Batik Jogja Truntum.

Truntum merupakan perumpamaan sebuah simbol cinta tulus tanpa syarat antara sepasang pengantin baru. Dengan harapan semakin lama kebersamaan diantara kedua mempelai, semakin subur pula cinta diantara keduanya. Hingga kemudian rasa cinta tersebut kekal abadi. Karena maknanya yang mendalam, Truntum lebih sering digunakan oleh orang tua pengantin pada saat hari pernikahan berlangsung. Harapannya, agar mereka mampu menjadi penuntun bagi pasangan pengantin dalam menjalani sebuah hubungan.

Batik Pamiluto.

Bila Truntum digunakan oleh orang tua pengantin, maka Pamiluto adalah kain yang dikenakan calon pengantin pada saat pertunangan. Pamiluto berasal dari kata Pulut dimana memiliki arti sebagai perekat. Harapannya, menjaga hubungan antara kedua mempelai agar tidak mudah terlepas.

Batik Jogja Tambal.

Tambal pada dasarnya lebih banyak digunakan sebagai kain Panjang. Ada kepercayaan unik dibalik kain ini. Yaitu apabila kain ini digunakan sebagai selimut tidur oleh orang sakit, maka sakitnya akan cepat sembuh.

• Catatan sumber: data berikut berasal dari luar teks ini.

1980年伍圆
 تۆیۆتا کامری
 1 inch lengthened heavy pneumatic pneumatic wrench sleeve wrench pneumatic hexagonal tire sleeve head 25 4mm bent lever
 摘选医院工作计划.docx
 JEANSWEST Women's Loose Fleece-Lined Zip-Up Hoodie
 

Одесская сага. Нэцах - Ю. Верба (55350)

Apalagi jika digunakan ketika malam hari. Konon, kain bermotif Tambal dapat memberikan kehangatan bagi pemakainya. Sesuai dengan makna dari kata Tambal sendiri. Yaitu sebagai penutup atau pemberi semangat baru.

Cara pembuatan batik jogja

Salah satu faktor banyaknya filosofi terkandung dalam batik Jogja ialah alur pembuatannya yang cukup rumit. Kurang lebih, langkah-langkahnya adalah sebagai berikut :

  • Proses pertama ialah Molani. Molani merupakan proses penggambaran pola awal menggunakan pensil atau alat tulis halus lainnya.
  • Setelah Molani, barulah pengrajin mulai melukis kain menggunakan canting. Proses pelukisan dilakukan persis mengikuti pola Molani sebelumnya.
  • Selanjutnya, sisa kain yang masih berwarna putih akan ditutup dengan lilin malam. Hal ini berfungsi untuk mencegah bagian tersebut tidak menyerap warna ketika hendak dilakukan proses pewarnaan.
  • Tahap berikutnya ialah proses pencelupan kain ke dalam cairan pewarna.
  • Nah setelah pewarnaan, proses selanjutnya akan kembali ke pelukisan dengan canting. Kemudian ditutupi lilin malam lagi, dan juga pewarnaan lagi. Begitu seterusnya hingga pola yang diinginkan selesai digambar utuh.
  • Berulah setelah itu dilakukan proses nglorot, dengan cara merebus kain ke dalam air hangat. Fungsinya ialah untuk meluruhkan sisa sisa lilin malam pada kain.
  • Proses terakhir ialaha mencuci batik, kemudian dikeringkan.